From: Greg KH on
On Tue, Apr 20, 2010 at 08:29:08PM -0500, Serge E. Hallyn wrote:
> This is a driver that adds Plan 9 style capability device
> implementation. See Documentation/p9auth.txt for a description
> of how to use this.

Hm, you didn't originally write this driver, so it would be good to get
some original authorship information in here to keep everything correct,
right?

> Documentation/p9auth.txt | 47 ++++
> drivers/char/Kconfig | 2 +
> drivers/char/Makefile | 2 +
> drivers/char/p9auth/Kconfig | 9 +
> drivers/char/p9auth/Makefile | 1 +
> drivers/char/p9auth/p9auth.c | 517 ++++++++++++++++++++++++++++++++++++++++++

Is this code really ready for drivers/char/? What has changed in it
that makes it ok to move out of the staging tree?

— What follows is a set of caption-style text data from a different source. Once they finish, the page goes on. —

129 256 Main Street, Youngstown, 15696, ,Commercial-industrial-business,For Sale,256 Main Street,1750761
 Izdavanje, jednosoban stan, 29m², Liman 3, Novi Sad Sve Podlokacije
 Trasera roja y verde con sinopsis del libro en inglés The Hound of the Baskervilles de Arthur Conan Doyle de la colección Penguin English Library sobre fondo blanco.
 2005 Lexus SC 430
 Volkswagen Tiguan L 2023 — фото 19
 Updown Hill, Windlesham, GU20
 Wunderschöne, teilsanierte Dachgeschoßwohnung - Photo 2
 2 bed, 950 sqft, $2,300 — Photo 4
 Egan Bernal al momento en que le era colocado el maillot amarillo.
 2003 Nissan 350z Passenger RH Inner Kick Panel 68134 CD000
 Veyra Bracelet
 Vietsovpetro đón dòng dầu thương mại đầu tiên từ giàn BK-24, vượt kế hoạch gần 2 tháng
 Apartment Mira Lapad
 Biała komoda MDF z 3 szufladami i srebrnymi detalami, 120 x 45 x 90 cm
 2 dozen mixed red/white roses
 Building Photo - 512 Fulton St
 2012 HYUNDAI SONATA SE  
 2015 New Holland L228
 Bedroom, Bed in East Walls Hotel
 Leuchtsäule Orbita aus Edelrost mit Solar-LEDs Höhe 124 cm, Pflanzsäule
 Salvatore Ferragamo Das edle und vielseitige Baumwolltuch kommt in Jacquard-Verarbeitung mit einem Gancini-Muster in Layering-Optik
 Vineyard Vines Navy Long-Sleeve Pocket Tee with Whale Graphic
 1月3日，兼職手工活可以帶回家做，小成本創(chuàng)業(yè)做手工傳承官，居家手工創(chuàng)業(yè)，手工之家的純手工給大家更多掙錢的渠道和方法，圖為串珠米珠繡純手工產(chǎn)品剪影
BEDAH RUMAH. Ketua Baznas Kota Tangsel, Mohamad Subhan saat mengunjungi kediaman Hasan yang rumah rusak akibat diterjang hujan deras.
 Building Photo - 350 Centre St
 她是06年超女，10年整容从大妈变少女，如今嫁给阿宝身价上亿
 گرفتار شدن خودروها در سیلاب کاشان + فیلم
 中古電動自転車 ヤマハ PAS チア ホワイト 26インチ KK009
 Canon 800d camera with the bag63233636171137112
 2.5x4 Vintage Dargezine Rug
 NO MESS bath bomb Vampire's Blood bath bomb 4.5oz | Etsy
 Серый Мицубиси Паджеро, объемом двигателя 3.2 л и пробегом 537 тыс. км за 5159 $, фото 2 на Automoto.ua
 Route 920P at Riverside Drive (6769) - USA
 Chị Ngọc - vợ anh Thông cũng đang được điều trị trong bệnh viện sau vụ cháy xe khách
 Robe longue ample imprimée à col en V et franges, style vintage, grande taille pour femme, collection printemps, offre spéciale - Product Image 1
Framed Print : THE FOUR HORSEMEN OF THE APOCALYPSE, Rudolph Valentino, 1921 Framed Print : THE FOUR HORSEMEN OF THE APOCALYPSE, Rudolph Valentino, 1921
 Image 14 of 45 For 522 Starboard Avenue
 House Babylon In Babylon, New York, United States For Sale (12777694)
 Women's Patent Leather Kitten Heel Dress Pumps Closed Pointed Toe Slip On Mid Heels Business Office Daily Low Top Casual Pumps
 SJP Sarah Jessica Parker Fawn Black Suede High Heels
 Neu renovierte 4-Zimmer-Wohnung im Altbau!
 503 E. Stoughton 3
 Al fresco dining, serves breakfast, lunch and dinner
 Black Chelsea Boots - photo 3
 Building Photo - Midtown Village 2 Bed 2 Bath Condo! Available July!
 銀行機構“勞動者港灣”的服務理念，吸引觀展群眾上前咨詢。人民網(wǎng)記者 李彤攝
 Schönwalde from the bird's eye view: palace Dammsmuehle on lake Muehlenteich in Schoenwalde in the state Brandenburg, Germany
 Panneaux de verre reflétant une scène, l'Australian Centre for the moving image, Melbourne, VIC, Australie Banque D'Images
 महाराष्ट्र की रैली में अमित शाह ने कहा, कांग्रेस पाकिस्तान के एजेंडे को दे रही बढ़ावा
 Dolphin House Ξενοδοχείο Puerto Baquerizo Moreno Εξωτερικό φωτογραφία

And who is going to maintain it? You? Or someone else?

> 6 files changed, 578 insertions(+), 0 deletions(-)
> create mode 100644 Documentation/p9auth.txt
> create mode 100644 drivers/char/p9auth/Kconfig
> create mode 100644 drivers/char/p9auth/Makefile
> create mode 100644 drivers/char/p9auth/p9auth.c
>
> diff --git a/Documentation/p9auth.txt b/Documentation/p9auth.txt
> new file mode 100644
> index 0000000..14a69d8
> --- /dev/null
> +++ b/Documentation/p9auth.txt
> @@ -0,0 +1,47 @@
> +The p9auth device driver implements a plan-9 factotum-like
> +capability API. Tasks which are privileged (authorized by
> +possession of the CAP_GRANT_ID privilege (POSIX capability))
> +can write new capabilities to /dev/caphash. The kernel then
> +stores these until a task uses them by writing to the
> +/dev/capuse device. Each capability represents the ability
> +for a task running as userid X to switch to userid Y and
> +some set of groups. Each capability may be used only once,
> +and unused capabilities are cleared after two minutes.
> +
> +The following examples shows how to use the API. Shell 1
> +contains a privileged root shell. Shell 2 contains an
> +unprivileged shell as user 501 in the same user namespace. If
> +not already done, the privileged shell should create the p9auth
> +devices:
> +
> + majfile=/sys/module/p9auth/parameters/cap_major
> + minfile=/sys/module/p9auth/parameters/cap_minor
> + maj=`cat $majfile`
> + mknod /dev/caphash c $maj 0
> + min=`cat $minfile`
> + mknod /dev/capuse c $maj 1
> + chmod ugo+w /dev/capuse

That is incorrect, you don't need the cap_major/minor files at all, the
device node should be automatically created for you, right?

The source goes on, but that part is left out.